ASSIGNMENT:
The copy should run from the line containing "Apartment with sea" through the last line of the entries below, exactly as written, with pictures omitted.

(Captioned web images)
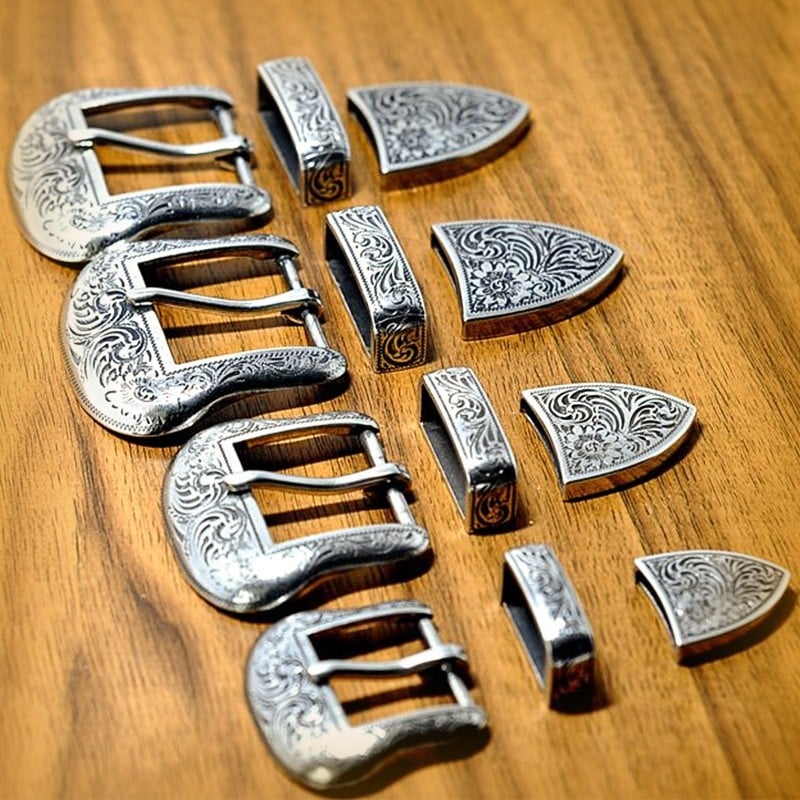 Set de trei curea placată cu argint Sheridan Tang, stil iarbă, cataramă de curea placată cu argint, model iarbă Tang, bronzare vegetală, cataramă de curea placată cu argint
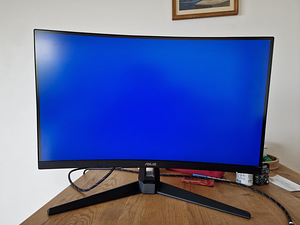 ASUS TUF Gaming VG27WQ1B (3 foto / 6)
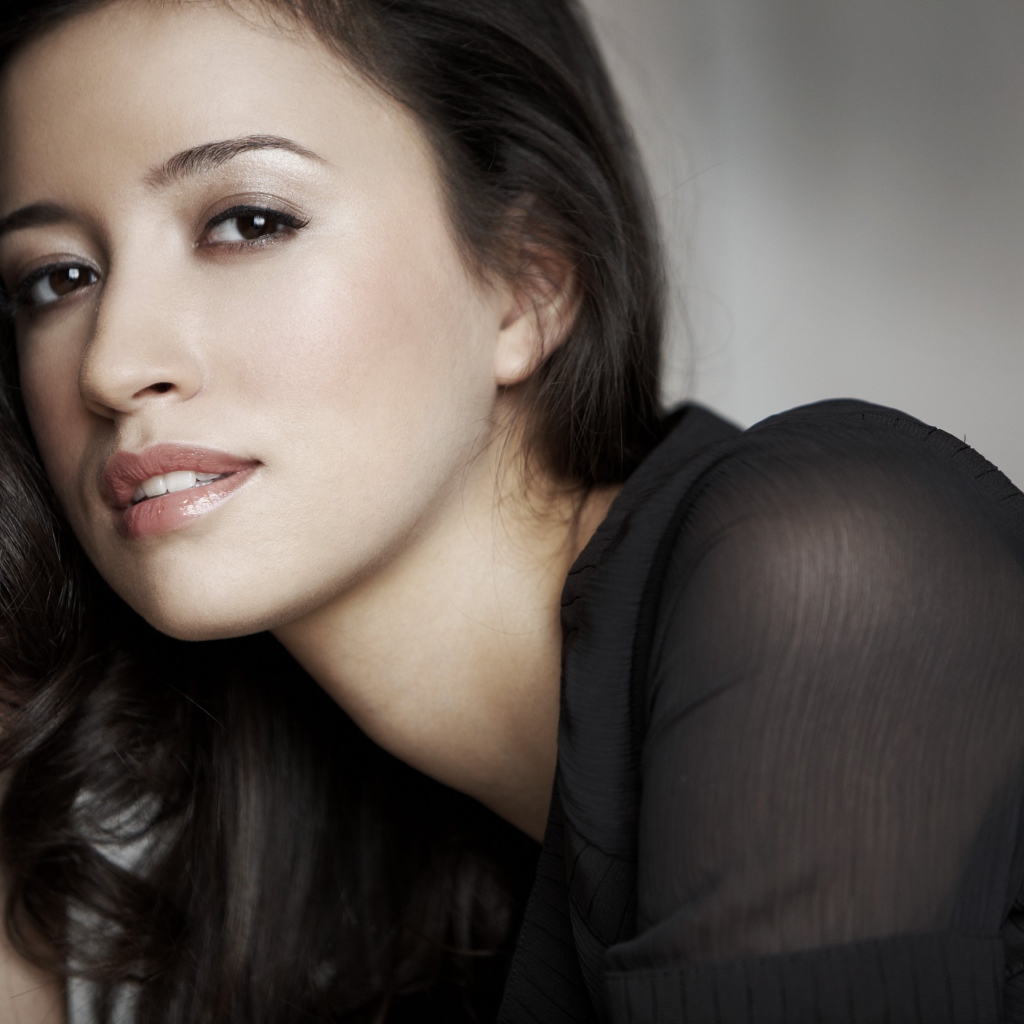 Знаменитая Кристиан Серратос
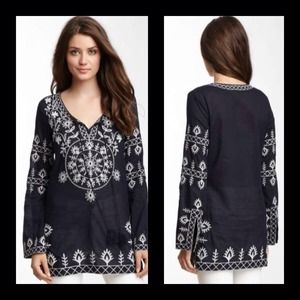 🔴REDUCED🔴 EMBROIDERED TUNIC 🔺FITS A SMALL🔺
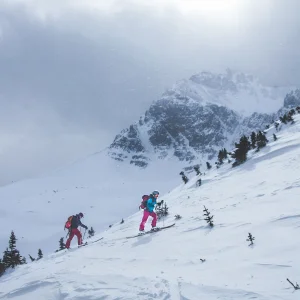 Skier Traverse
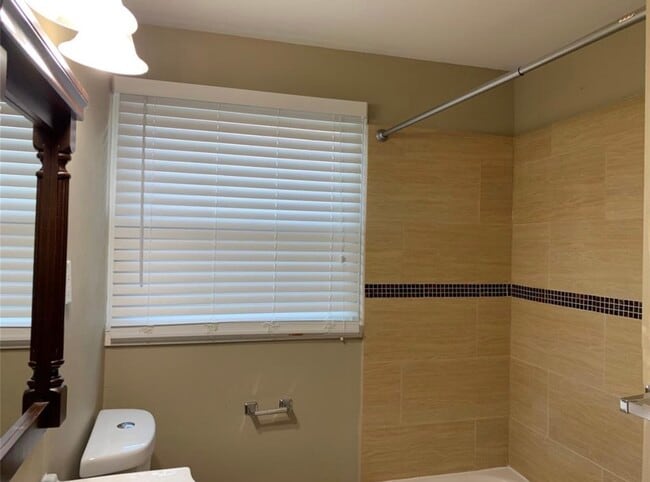 Building Photo - 206 Frawley St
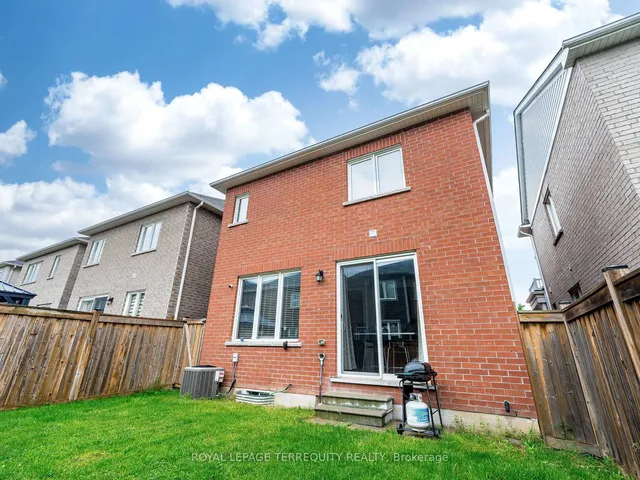 Additional image 37 of 903 Penson Cres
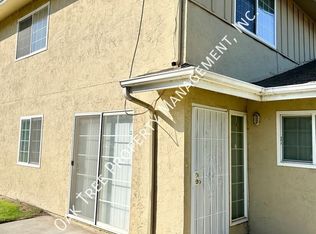 452 W Alamos Ave APT 2, Clovis, CA 93612
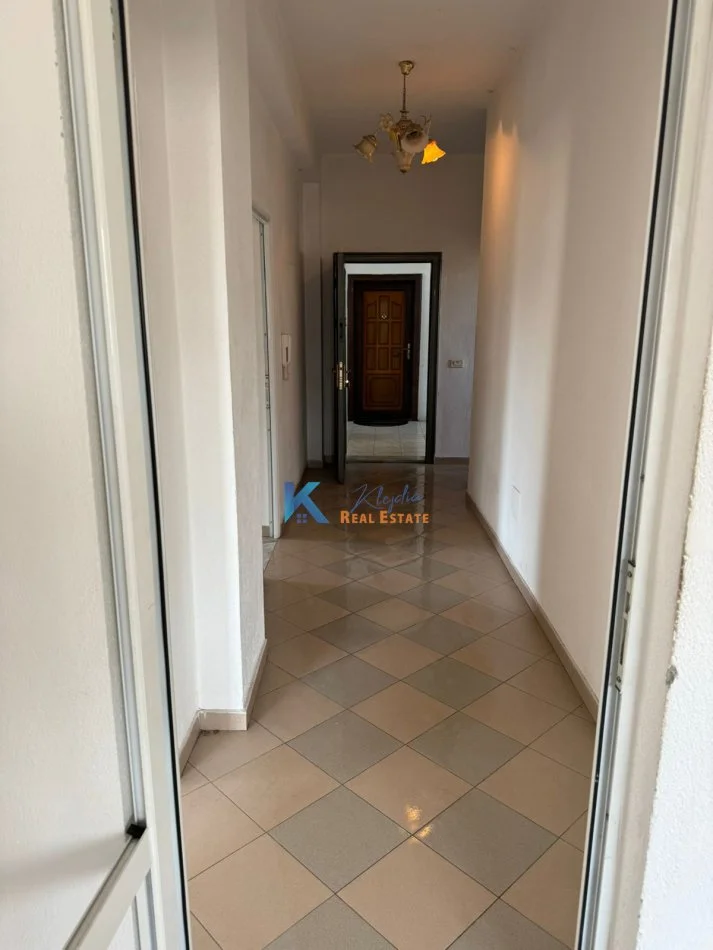 Tirane, shitet apartament 2+1 Kati 5, 115 m² 115.000 € (Laprake, afer Kupoles)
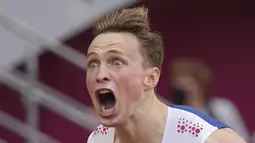 Ekspresi atlet Norwegia Karsten Warholm merayakan kemenangannya pada final lari gawang 400m putra Olimpiade Tokyo 2020 di Olympic Stadium, Selasa (3/8/2021). Warholm sukses memecahkan rekor dunia lari gawang 400 meter putra dengan catatan waktu 45,95 detik. (AP Photo/David J. Phillip)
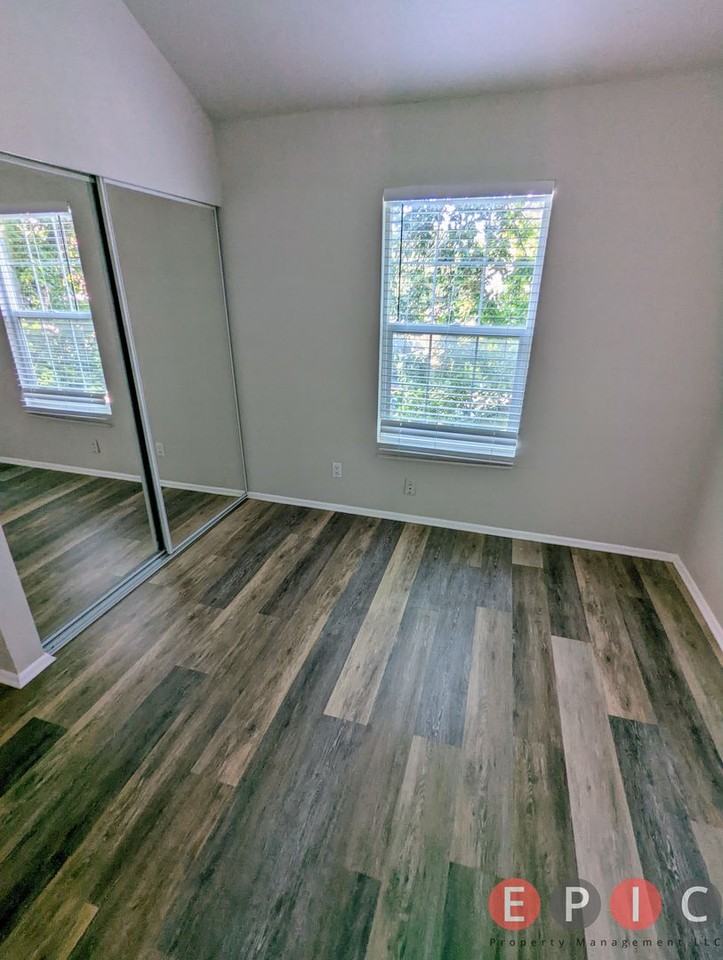 1460 E Foxboro Dr #2 - Photo 4 of 16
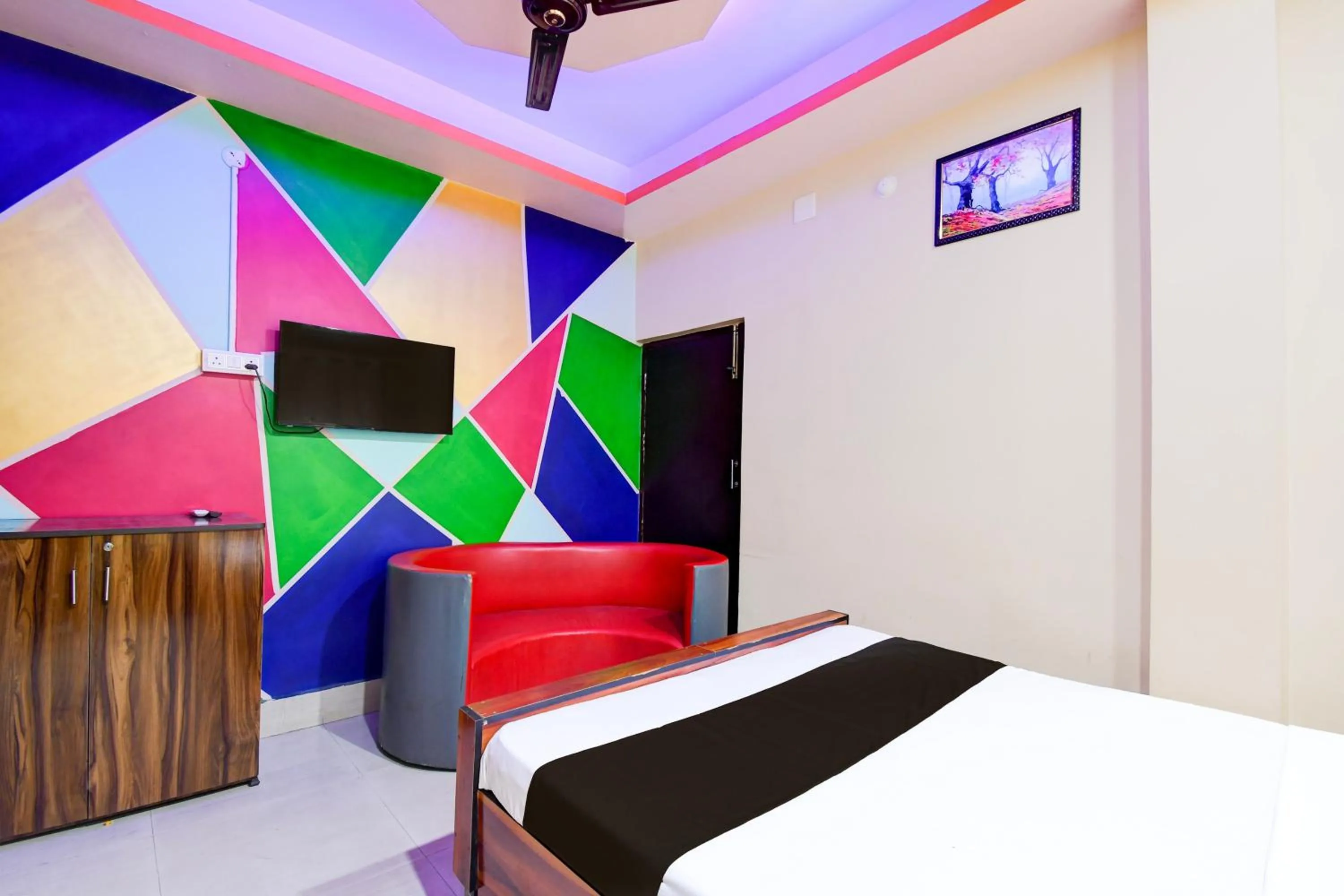 Bedroom, Bed in Hotel O by OYO Elixir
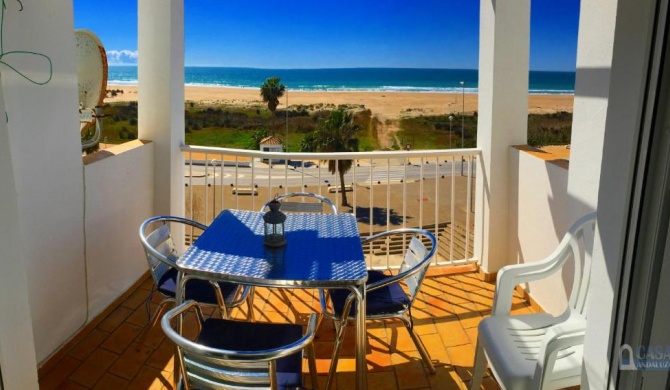 Apartment with sea views on the beach of Conil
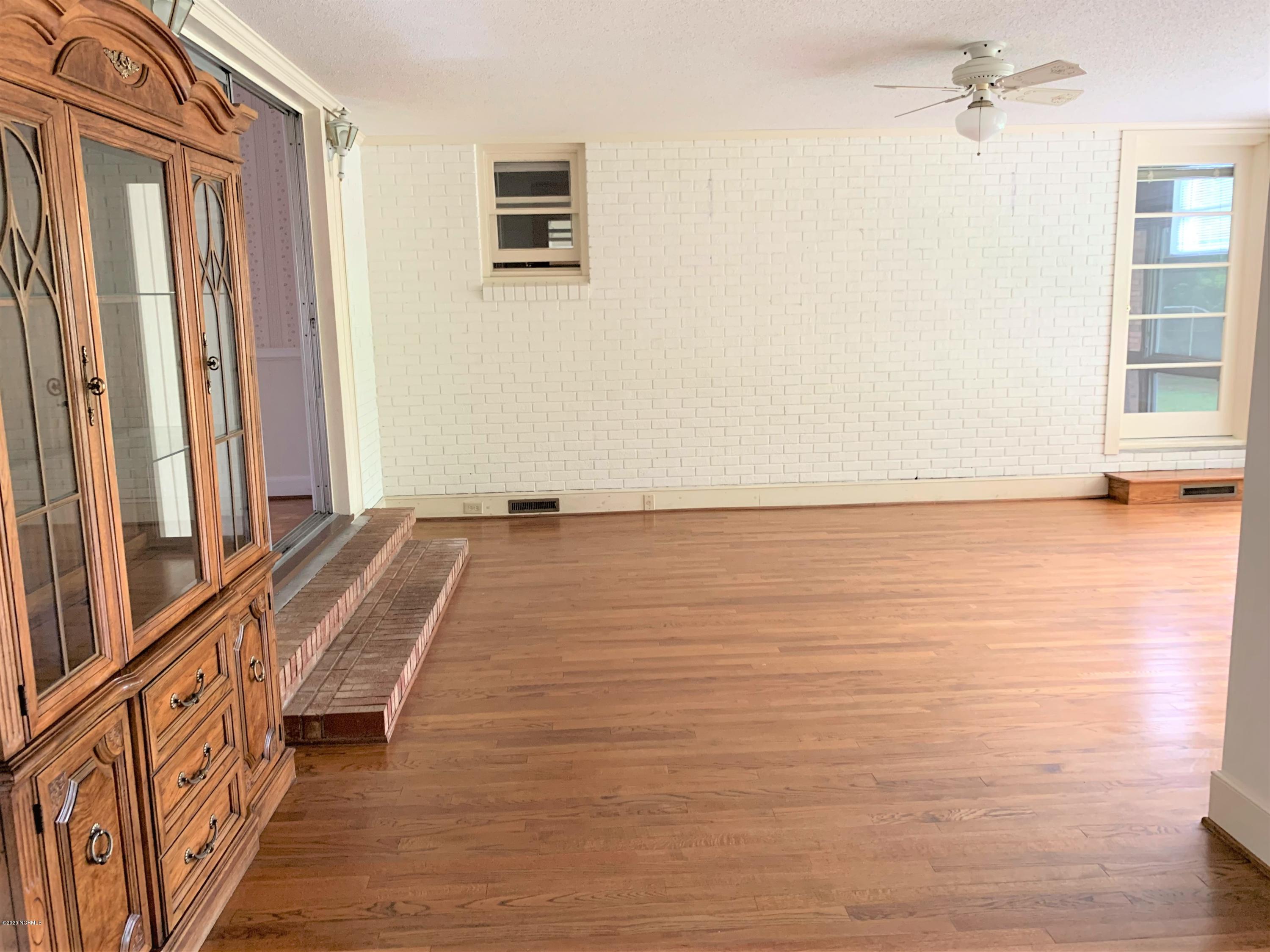 121 Academy Heights Road Kinston, NC 28504 - Photo 14 of 28 Sun Room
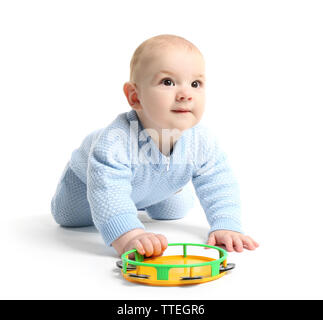 Adorable baby con plastica colorata tamburello isolati su sfondo bianco Foto Stock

ANSWER BELOW:
 Apartment with sea views on the beach of Conil
 121 Academy Heights Road Kinston, NC 28504 - Photo 14 of 28 Sun Room
 Adorable baby con plastica colorata tamburello isolati su sfondo bianco Foto Stock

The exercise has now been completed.